# WHAT THIS TASK INVOLVES
Reproduce word for word the line holding "Torrevieja, Spagna - 16" and all lines after it in the data, through the end, leaving out pictures.

Brief descriptive captions
::::

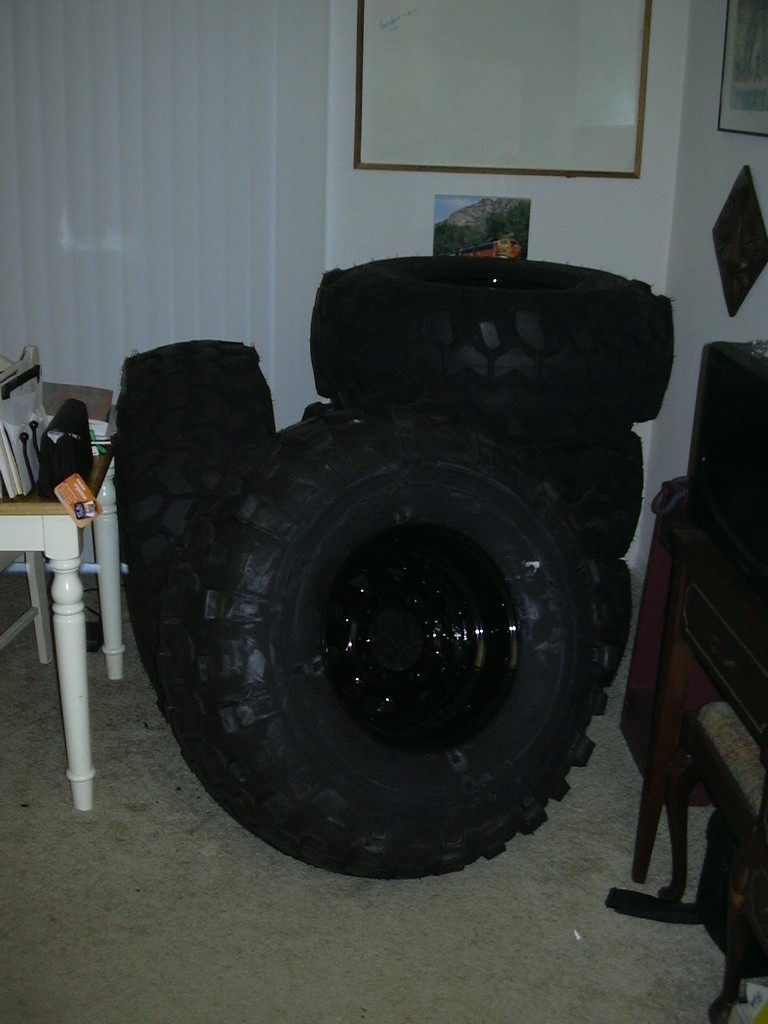 Several large off-road tires stacked indoors, one in foreground is black with a shiny rim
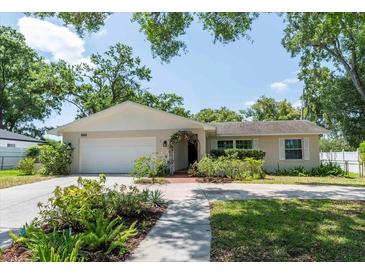 Charming single-story home with well-manicured lawn, arched entryway and white garage door at 1503 Clairdale Ln, Lakeland, FL 33801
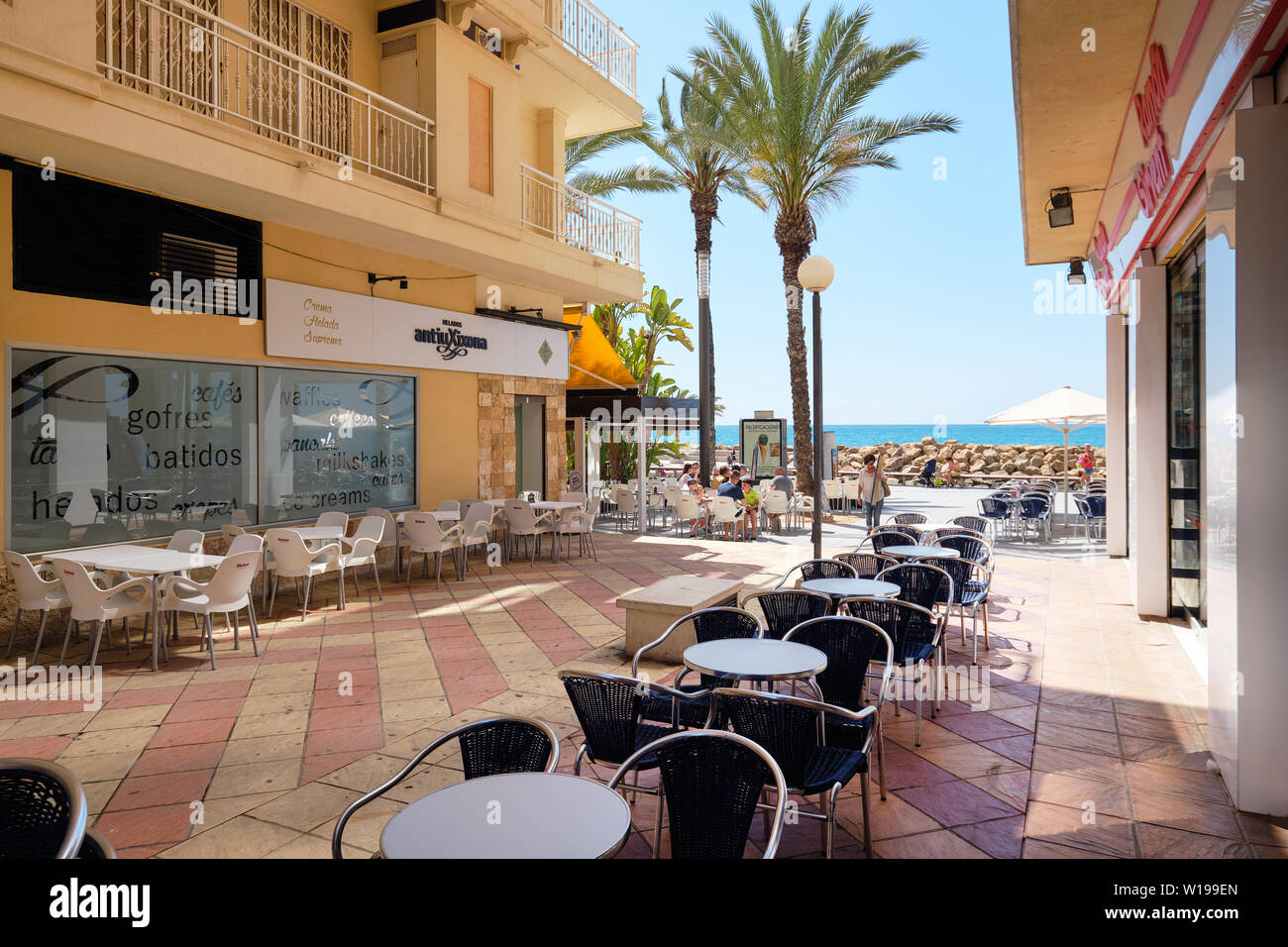 Torrevieja, Spagna - 16 Maggio 2019: affascinante strada vuota con tavoli e sedie open-air all'aperto cafe e ristoranti vista sul Mar Mediterraneo, Spagna Foto Stock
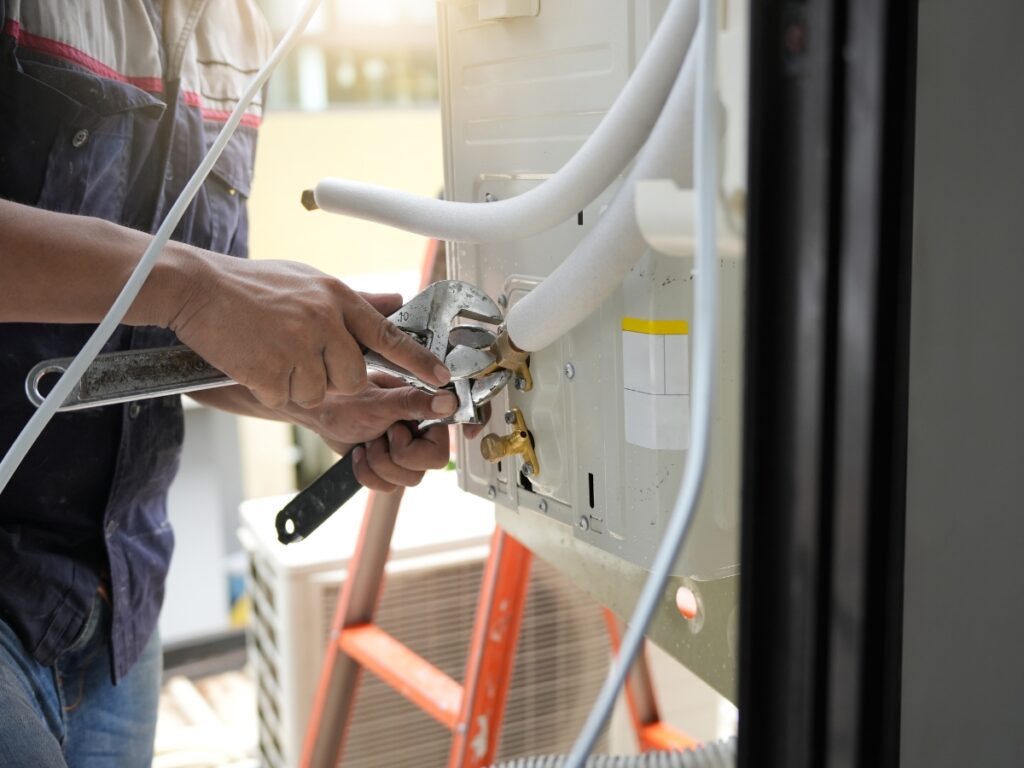 A person uses a wrench to adjust beginner-friendly components of pipes connected to an outdoor air conditioning unit, with a red ladder in the background.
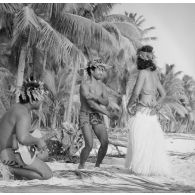 Un couple de danseurs, coiffés d'une couronne fleurie, fait une démonstration de danse du Tamoure, accompagnés par un guitariste sur une plage de l'atoll d'Hao.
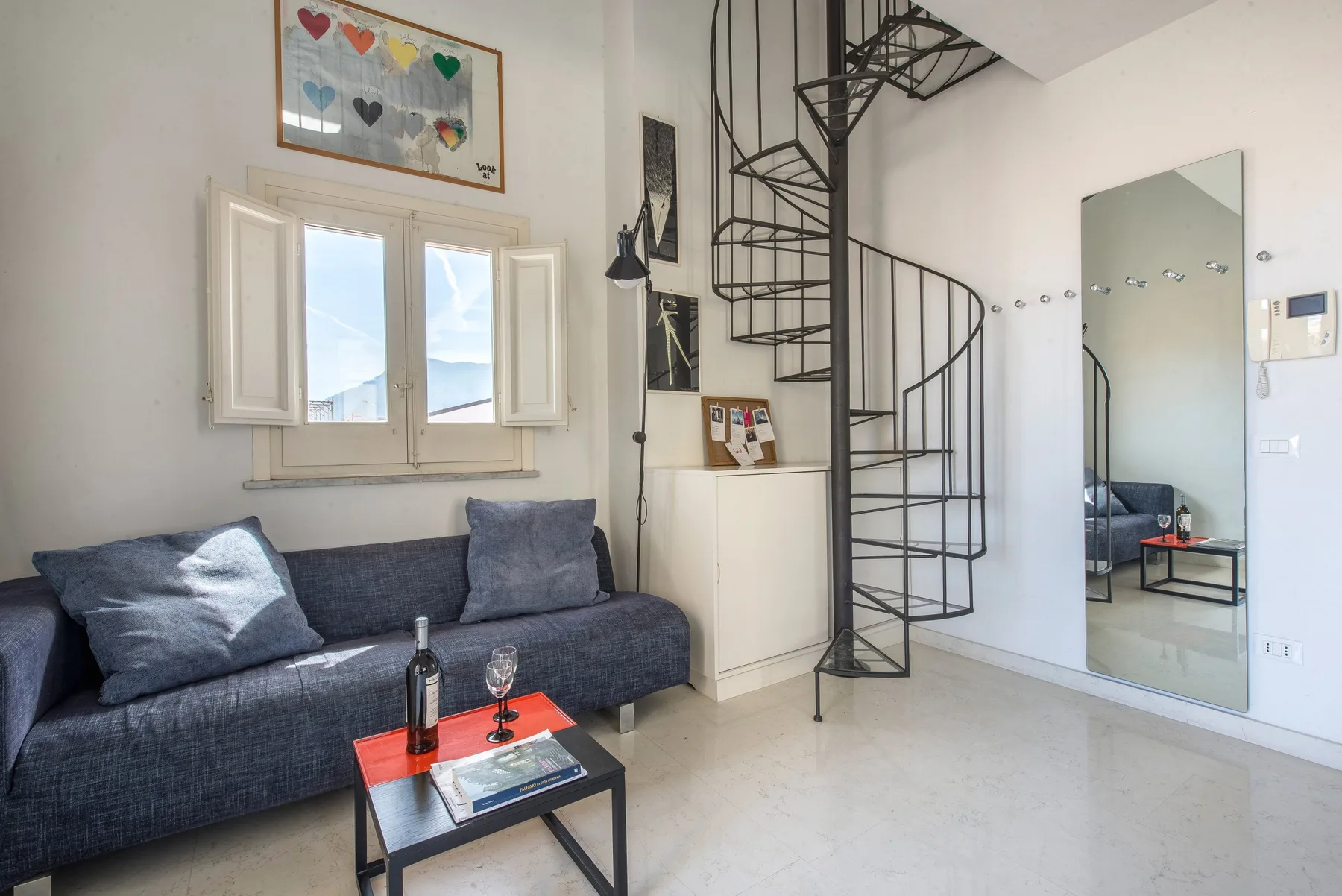 A living room with a dark sofa, a low table, and a spiral staircase.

::::

# TASK RESULT
 Torrevieja, Spagna - 16 Maggio 2019: affascinante strada vuota con tavoli e sedie open-air all'aperto cafe e ristoranti vista sul Mar Mediterraneo, Spagna Foto Stock
 A person uses a wrench to adjust beginner-friendly components of pipes connected to an outdoor air conditioning unit, with a red ladder in the background.
 Un couple de danseurs, coiffés d'une couronne fleurie, fait une démonstration de danse du Tamoure, accompagnés par un guitariste sur une plage de l'atoll d'Hao.
 A living room with a dark sofa, a low table, and a spiral staircase.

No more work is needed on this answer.